This project is certainly going to fall under the category of “& Things” in my blog and covers the method I used to refurbish our oldest car's front plastic headlight assembly lenses. Before working on them they looked more like frosted glass than a clear lens. First some background, the car the work will be done to is a 2007 Toyota Camry that we got in the fall of 2006 which at the time of writing this is coming up on 18 years old and has about 112,000 miles on it.
Since replacing the lens is costly, I looked at various different kits for the work and most of them that looked to be effective used the same basic process of sanding the lens and then applying a coat of UV blocker over the refurbished lens. Some of the kits had only two grits a coarse and fine while others had 3-5 grits. One kit had just 320 grit and 2,000 grit. Now I have done enough sanding on wood for preparation to applying a finish like lacquer or polyurethane and on the buffing of the final coat that making a jump in grits like that is a bad idea. To me it seems like an awful lot of time would be spent removing the initial scratches from the 320 grit paper with the 2,000 grit. You are either going to spend forever with the fine grit or give up before the lens looks really clear and not scratched. To do the work efficiently and end up with good results I think it’s going to take a lot more intermediate sanding grits to get a clear lens.
Now I just happen to have a wide variety of wet/dry sandpaper and sanding pads ranging from 100 grit to 12,000 so my plan is to use them to see what kind of results are obtained. If the results give me a nice clear lens then I will get some UV blocker to finish them off.
Here is what the lens looked like before I started with
the edges masked off. The masking is
done so when I am sanding and invariably sand a little beyond the lens the body
paint will not get scratched.
The first and coarsest grit is used to get rid of all the degraded plastic on the lens, clean the surface and establish a base scratch pattern. All of the sanding is done using water as a lubricant and to keep the paper from loading up with plastic. Given the lens condition I decided to start the wet sanding with a silicon-carbide 320 grit sandpaper. If the lenses had been in a little worse condition, I would have started with 220 grit. This is what the lens looks like when done. It ended up taking about 15 minutes which was the longest of any of the papers. Note that the scratch pattern from sanding runs left to right. This will come into play when I sand with the next grit.

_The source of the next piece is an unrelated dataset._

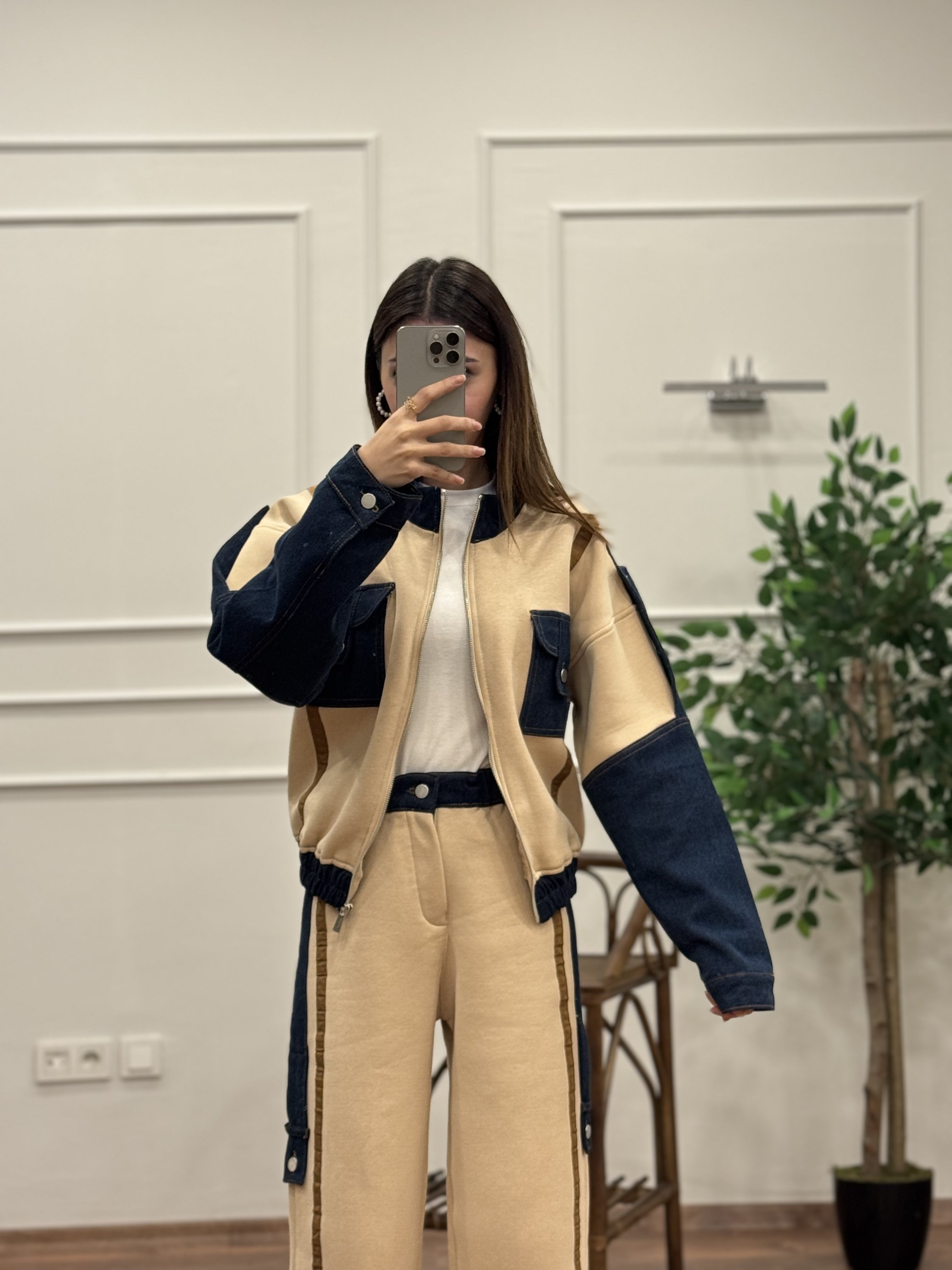 LUCY Özel Tasarım Ceket Pantolon Takım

Using a finer 400 grit paper I sanded up and down until all the horizontal scratches from the 320 sanding were gone. The bottom left photo shows the 320 grit scratch pattern and the right photo has been vertically sanded with 400. The vertical scratch pattern does not show in the photo as well as it did in real life but you get the idea.

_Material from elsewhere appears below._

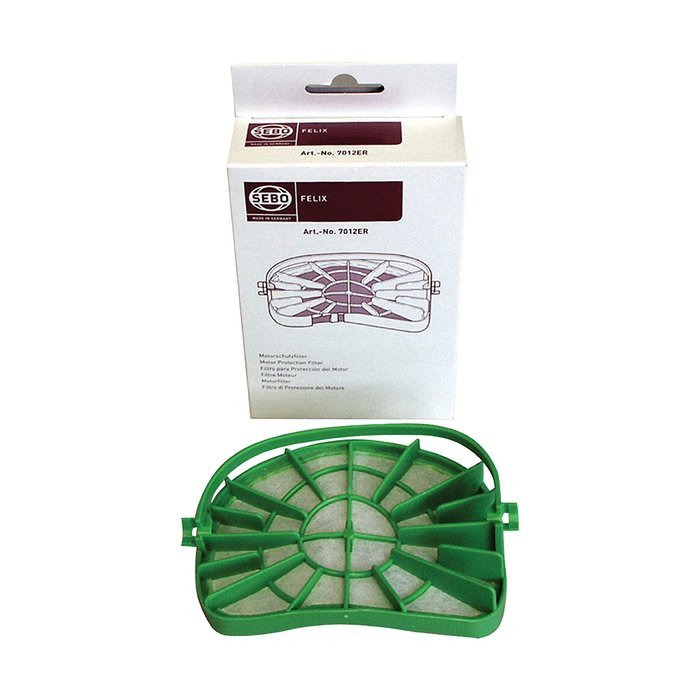 SEBO 7012ER Pre-motor Protection Filter for FELIX Series Vacuum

The process gets repeated with 600, 800, 1200, 1500 and 1800 which is the finest of my silicon sheet sand paper. Going through all these grits didn’t take too long, probably less than two minutes each which includes drying the lens and checking the scratch patterns plus touching up any missed spots to make sure all the previous grit’s pattern had been removed. At this point the lens while cloudy is a lot clearer than after the initial 320 grit.

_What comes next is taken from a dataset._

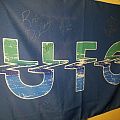 UFO - Other Collectable - UFO Flag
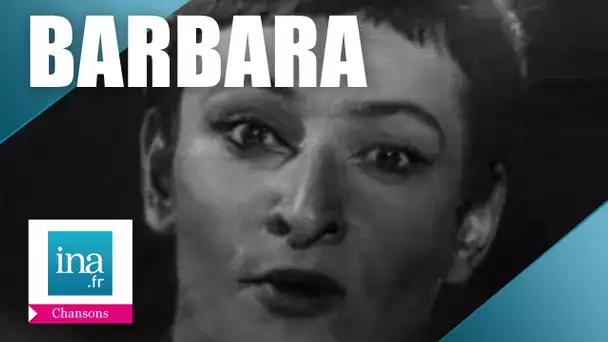 Barbara "Liberté" | Archive INA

Switching from sheets to foam backed pad grits starts with 2400 grit. I use these pads when sanding film finishes like lacquer or polyurethane between coats. The same process of wet sanding is used for 3200, 3600 and 4000 with the 4000 grit shown below. This is right at the end of where the lens looks cloudy. As I move on to finer grits the lens becomes increasingly clear.
After 4000 grit comes 6000, 8000 and the last sanding pad of 12000 shown below with each step making the lens noticeably clearer.
The last step before spraying on the UV blocker is to use a very fine plastic polish. A small amount is put on the lens then a soft cotton cloth is used to rub out the remaining fine scratches which really improves the lens’s clarity. At this point I removed the masking around the lens because it got beat up during the sanding process and I was waiting for the UB blocker to arrive.
Once the UV blocker arrived the headlight lens gets masked off. A much larger area gets masked this time because I did not want to have any overspray of the UV blocker onto the car’s paint.
The UV blocker I used requires two coats which besides adding UV protection also made a noticeable improvement in the clarity of the lens. The top photo shows the completed process while the bottom photo is the “before” photo. Total time spent sanding and polishing each of the lenses was about 40-50 minutes. For spraying the UV blocker it took longer to mask of the headlight than to spray.
While the lenses look 99% brand new the question is how long will they stay that way? Only time will tell and my plan is to add a comment in about 6 months with an update on how they look.